Database issues can lead to "stuck" images

andrewm-aero commented 3 years ago

Is this a request for help?: No

Is this a BUG REPORT or a FEATURE REQUEST? (choose one): BUG REPORT

Version of Anchore Engine and Anchore CLI if applicable: 0.9.1

What happened: If the database is inaccessible when an image is finished analyzing, it will become "stuck", no analyzer will ever attempt to analyze it, but it is impossible to delete the image or retry the analysis. I could not find any documented method for resolving this.

Timeline:

Image is submitted for analysis
Analyzer begins analysis
Database enters recovery mode
Analyzer finishes analysis
Analyzer retries to simplequeue are exhausted, image is not recorded as analyzed
Database leaves recovery mode
Image is now "stuck", it can never be analyzed

What did you expect to happen: This situation to be detected and resolved automatically or there to be a manual "escape hatch" where an image can be forced to restart analysis by an administrator via the CLI or REST API.

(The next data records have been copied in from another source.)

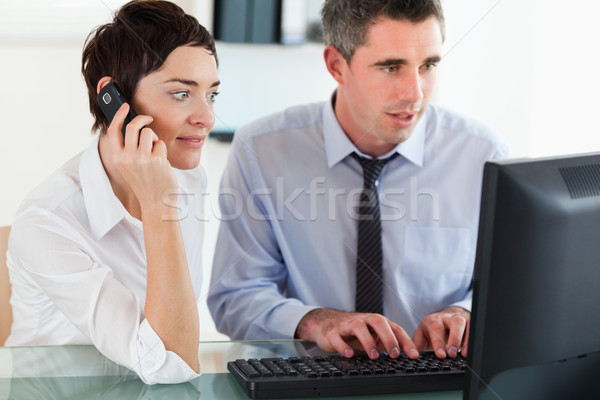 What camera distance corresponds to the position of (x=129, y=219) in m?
1.15

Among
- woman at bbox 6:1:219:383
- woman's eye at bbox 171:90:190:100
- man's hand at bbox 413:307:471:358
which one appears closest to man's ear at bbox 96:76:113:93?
woman at bbox 6:1:219:383

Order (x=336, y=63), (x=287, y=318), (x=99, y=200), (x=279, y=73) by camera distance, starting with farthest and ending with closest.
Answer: (x=279, y=73), (x=336, y=63), (x=287, y=318), (x=99, y=200)

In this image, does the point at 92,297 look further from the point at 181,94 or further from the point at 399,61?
the point at 399,61

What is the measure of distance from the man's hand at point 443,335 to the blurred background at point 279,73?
128 centimetres

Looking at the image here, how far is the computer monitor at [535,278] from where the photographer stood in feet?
2.06

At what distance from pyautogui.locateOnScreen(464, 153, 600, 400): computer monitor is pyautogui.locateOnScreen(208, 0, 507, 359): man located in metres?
0.76

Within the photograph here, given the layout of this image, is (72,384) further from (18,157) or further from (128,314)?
(18,157)

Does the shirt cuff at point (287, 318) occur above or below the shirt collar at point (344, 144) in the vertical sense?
below

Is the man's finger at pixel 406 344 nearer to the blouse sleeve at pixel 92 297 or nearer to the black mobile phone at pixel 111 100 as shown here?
the blouse sleeve at pixel 92 297

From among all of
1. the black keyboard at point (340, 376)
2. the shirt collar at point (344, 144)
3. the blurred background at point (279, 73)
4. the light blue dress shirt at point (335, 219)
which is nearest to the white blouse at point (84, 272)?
the black keyboard at point (340, 376)

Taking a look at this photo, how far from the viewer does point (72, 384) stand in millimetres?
865

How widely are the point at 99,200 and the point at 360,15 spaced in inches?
28.5

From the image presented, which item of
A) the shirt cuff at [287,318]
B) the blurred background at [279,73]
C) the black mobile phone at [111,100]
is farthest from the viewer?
the blurred background at [279,73]

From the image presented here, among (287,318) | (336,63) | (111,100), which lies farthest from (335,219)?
(111,100) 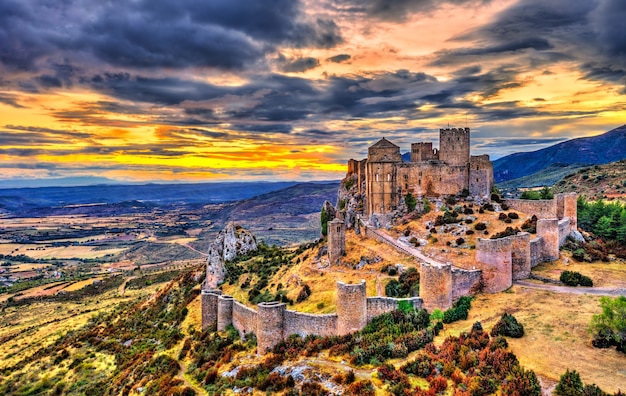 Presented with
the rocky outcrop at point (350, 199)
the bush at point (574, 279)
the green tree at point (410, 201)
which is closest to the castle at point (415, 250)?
the rocky outcrop at point (350, 199)

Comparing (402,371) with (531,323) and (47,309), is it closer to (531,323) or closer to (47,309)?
(531,323)

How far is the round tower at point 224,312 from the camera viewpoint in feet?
116

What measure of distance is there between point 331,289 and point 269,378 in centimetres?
1453

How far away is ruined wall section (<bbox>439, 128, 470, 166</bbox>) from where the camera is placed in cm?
5172

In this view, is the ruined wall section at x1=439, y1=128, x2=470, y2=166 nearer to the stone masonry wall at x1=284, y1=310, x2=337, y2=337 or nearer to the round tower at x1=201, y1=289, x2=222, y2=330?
the round tower at x1=201, y1=289, x2=222, y2=330

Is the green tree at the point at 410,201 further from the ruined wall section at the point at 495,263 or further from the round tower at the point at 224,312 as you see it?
the round tower at the point at 224,312

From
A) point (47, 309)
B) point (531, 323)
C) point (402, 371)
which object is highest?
point (531, 323)

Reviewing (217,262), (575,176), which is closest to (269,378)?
(217,262)

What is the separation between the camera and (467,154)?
171 feet

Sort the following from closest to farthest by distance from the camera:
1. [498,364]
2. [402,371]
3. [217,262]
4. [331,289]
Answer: [498,364]
[402,371]
[331,289]
[217,262]

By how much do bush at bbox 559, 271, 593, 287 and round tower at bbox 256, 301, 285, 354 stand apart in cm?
1906

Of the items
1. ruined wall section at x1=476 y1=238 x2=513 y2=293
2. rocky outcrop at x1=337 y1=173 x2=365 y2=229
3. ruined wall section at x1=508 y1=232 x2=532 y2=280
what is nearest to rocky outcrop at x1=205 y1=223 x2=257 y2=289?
rocky outcrop at x1=337 y1=173 x2=365 y2=229

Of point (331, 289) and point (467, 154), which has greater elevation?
point (467, 154)

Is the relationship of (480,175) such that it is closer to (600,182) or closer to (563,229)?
(563,229)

Any relevant log output from /var/log/anchore: Sorry, I had hoped that I could force it to restart by deleting the analyzer pod in question, and did not think to save the logs beforehand, so I do not have the analyzer logs.

[service:simplequeue] 2021-09-16 16:42:23+0000 [-] "10.1.12.206" - - [16/Sep/2021:16:42:22 +0000] "GET /v1/queues/watcher_tasks?wait_max_seconds=30&visibility_timeout=0 HTTP/1.1" 500 138 "-" "python-requests/2.23.0"
[service:simplequeue] 2021-09-16 16:42:23+0000 [-] [Thread-8] [anchore_engine.services.simplequeue/handle_metrics()] [WARN] handler failed - exception: (psycopg2.OperationalError) FATAL:  the database system is in recovery mode
[service:simplequeue]

What docker images are you using: docker.io/anchore/anchore-engine:v0.9.4

How to reproduce the issue:

Submit an image for analysis
Wait for analyzer to begin analysis
Render database inaccessible
Wait for analyzer to finish analysis and exhaust retries
Restore database functionality
Attempt to delete the image, re-add the same image, or wait for analysis to finish. This will fail, do nothing, and wait until the heat death of the universe, respectively.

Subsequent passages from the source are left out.